Repeat all the data exactly, and where a record holds a picture, leave that picture out.

▸ Data for processing
• • • • •
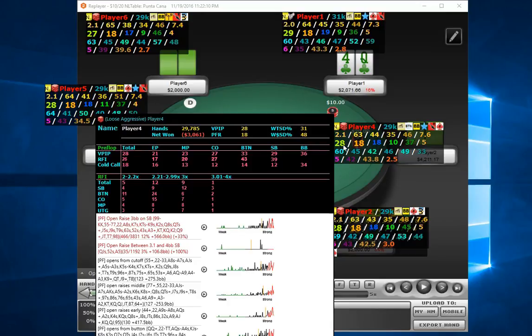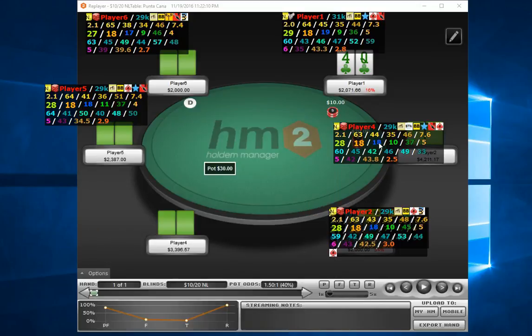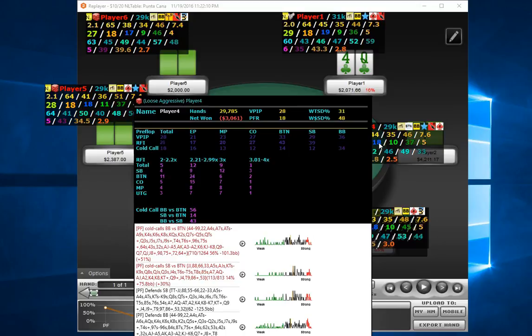So to start with the second line there, this is the VPIP pop up. The PFR pop up is the same, cold call is similar, although there are some extra cold call stats towards the bottom.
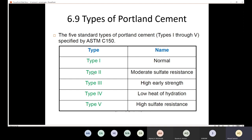Type II is moderate sulfate resistance cement, used when moderate sulfate attack is expected. Type III is high early strength cement, used when construction must be completed in a shorter time. Type IV is low heat of hydration cement — used when you want to minimize heat release to avoid thermal cracks. Type V is high sulfate resistance cement.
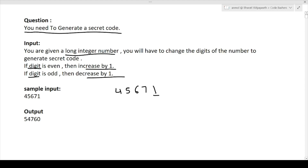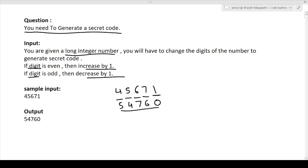So 4, 5, 6, 7, 1 is our input. Starting from the back: 1 is an odd number, so we decrease it by one — it becomes 0. Next is 7, which is also odd — we decrease it by one, it becomes 6. Next is 6, which is an even number — we increase it by one, it becomes 7. Next is 5, which is odd — we decrease it by one, it becomes 4. Finally 4 is even — we increase it by one, it becomes 5. So the output will be 5, 4, 7, 6, 0.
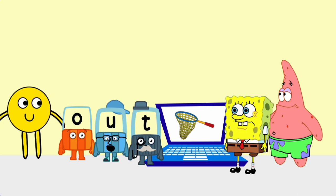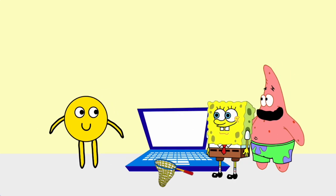O. U. T. Out. Hey, a net. Now we need jellyfish.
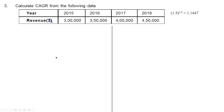Next question: calculate compound annual growth rate from the following data. We have year and revenue — for year 2015 the revenue is 3 lakhs, 2016 it is 3 lakhs 50,000, 2017 it is 4 lakhs, and 2018 it is 4 lakhs 50,000. Revenue is calculated at the end of each year, so at the end of 2015 it is 3 lakhs and at the end of 2018 it is 4 lakhs 50,000. This means the starting value is 3 lakhs at the beginning of 2016, and the number of time periods is 3 years.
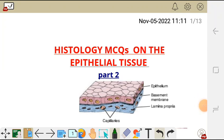Hello there. Let's go through histology MCQs on the topic of epithelium, and this is part two of this video. If you haven't watched part one, please do so because there are different questions there.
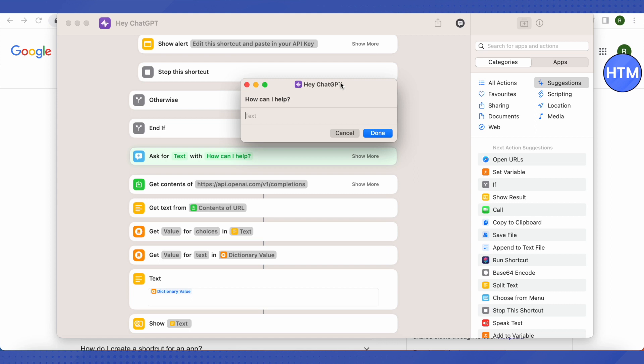After that, it will be working just like Siri but a better version of it. You will be able to get accurate answers to your questions. So this is how you integrate ChatGPT with Siri.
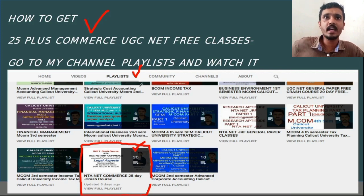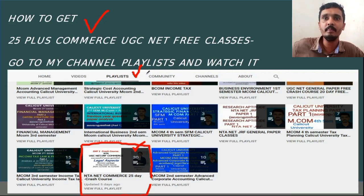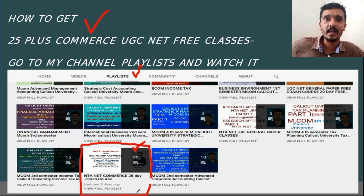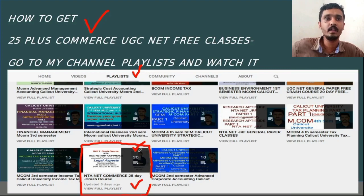Go to my channel and click on the playlist. You can also click on the mobile app. NTA Net Commerce 25 Day Crash Course — click on the playlist.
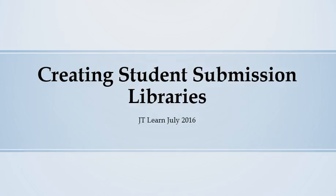Would you like students to submit their work electronically on JT Learn? Watch this screencast to learn how to use JT Learn's submission libraries or document libraries for student work.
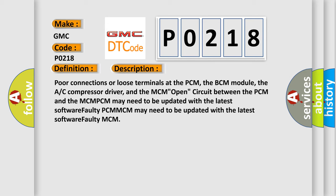And now this is a short description of this DTC code. Poor connections or loose terminals at the PCM, the BCM module, the AC compressor driver, and the MCM open circuit between the PCM and the MCM. PCM may need to be updated with the latest software. Faulty PCM. MCM may need to be updated with the latest software. Faulty MCM.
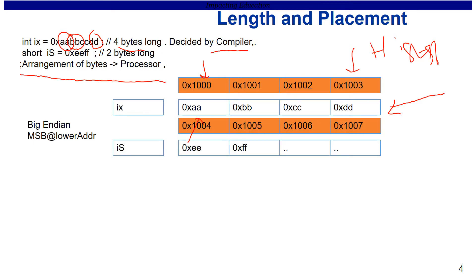Extrapolating for short: consider a short variable ix assigned the address 1004. The short will be present at addresses 1004 and 1005. The most significant byte 'ee' will reside at the lower address 1004, and 'ff' resides at 1005.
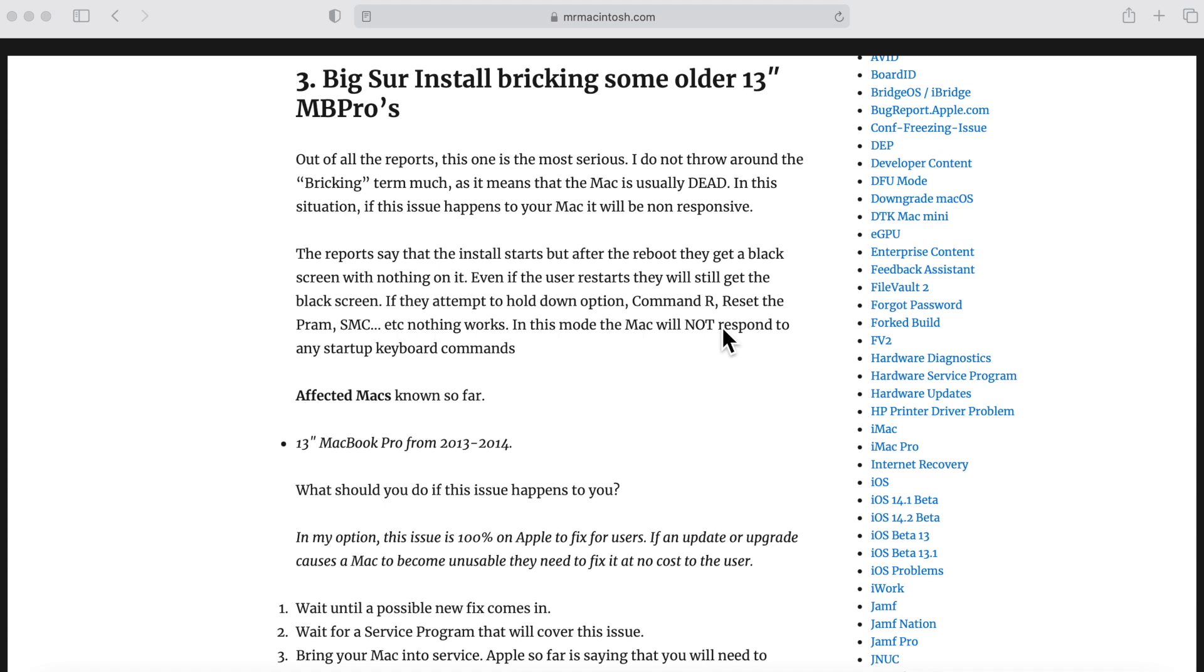So this is a pretty serious issue. And there's enough reports to see that this could be a trending issue for the users of the 2013 and 2014 13-inch MacBook Pro. Why that particular model? We're not sure yet. And I'm still trying to dive in and figure that out.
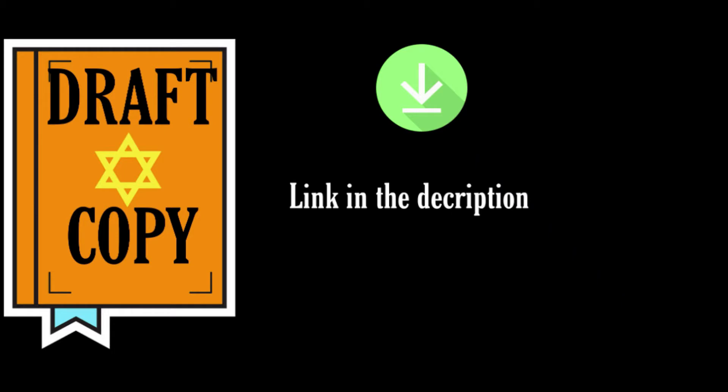Before getting started, I have given the link below of the draft copy, please do download that. It is a full textbook of your CAMD.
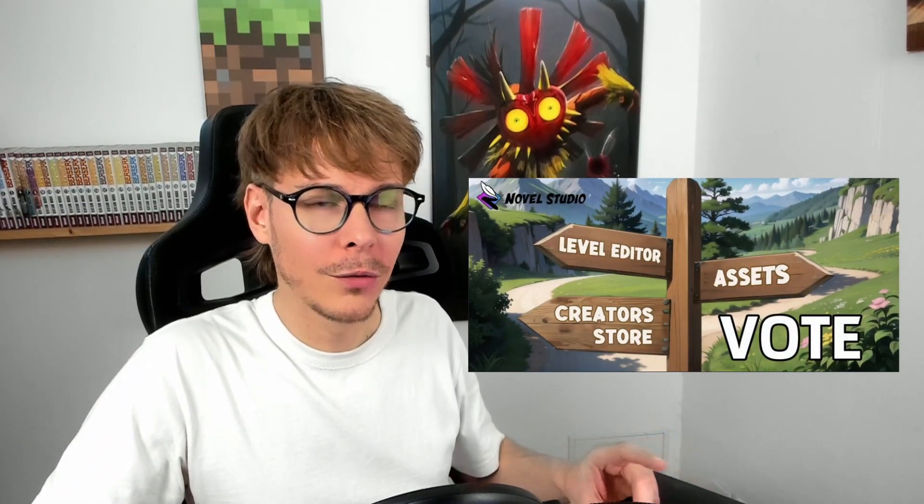Hello, it's Côte de Nuit, and today we're going to talk about the Novel Studio project. Two months ago, I ran a poll to get your opinion on the next step for the project.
• • • • •
▸ Expected output
So to start with the second line there, this is the VPIP pop up. The PFR pop up is the same, cold call is similar, although there are some extra cold call stats towards the bottom.
Type II is moderate sulfate resistance cement, used when moderate sulfate attack is expected. Type III is high early strength cement, used when construction must be completed in a shorter time. Type IV is low heat of hydration cement — used when you want to minimize heat release to avoid thermal cracks. Type V is high sulfate resistance cement.
So 4, 5, 6, 7, 1 is our input. Starting from the back: 1 is an odd number, so we decrease it by one — it becomes 0. Next is 7, which is also odd — we decrease it by one, it becomes 6. Next is 6, which is an even number — we increase it by one, it becomes 7. Next is 5, which is odd — we decrease it by one, it becomes 4. Finally 4 is even — we increase it by one, it becomes 5. So the output will be 5, 4, 7, 6, 0.
O. U. T. Out. Hey, a net. Now we need jellyfish.
Next question: calculate compound annual growth rate from the following data. We have year and revenue — for year 2015 the revenue is 3 lakhs, 2016 it is 3 lakhs 50,000, 2017 it is 4 lakhs, and 2018 it is 4 lakhs 50,000. Revenue is calculated at the end of each year, so at the end of 2015 it is 3 lakhs and at the end of 2018 it is 4 lakhs 50,000. This means the starting value is 3 lakhs at the beginning of 2016, and the number of time periods is 3 years.
Hello there. Let's go through histology MCQs on the topic of epithelium, and this is part two of this video. If you haven't watched part one, please do so because there are different questions there.
After that, it will be working just like Siri but a better version of it. You will be able to get accurate answers to your questions. So this is how you integrate ChatGPT with Siri.
Go to my channel and click on the playlist. You can also click on the mobile app. NTA Net Commerce 25 Day Crash Course — click on the playlist.
Would you like students to submit their work electronically on JT Learn? Watch this screencast to learn how to use JT Learn's submission libraries or document libraries for student work.
And now this is a short description of this DTC code. Poor connections or loose terminals at the PCM, the BCM module, the AC compressor driver, and the MCM open circuit between the PCM and the MCM. PCM may need to be updated with the latest software. Faulty PCM. MCM may need to be updated with the latest software. Faulty MCM.
Extrapolating for short: consider a short variable ix assigned the address 1004. The short will be present at addresses 1004 and 1005. The most significant byte 'ee' will reside at the lower address 1004, and 'ff' resides at 1005.
So this is a pretty serious issue. And there's enough reports to see that this could be a trending issue for the users of the 2013 and 2014 13-inch MacBook Pro. Why that particular model? We're not sure yet. And I'm still trying to dive in and figure that out.
Before getting started, I have given the link below of the draft copy, please do download that. It is a full textbook of your CAMD.
Hello, it's Côte de Nuit, and today we're going to talk about the Novel Studio project. Two months ago, I ran a poll to get your opinion on the next step for the project.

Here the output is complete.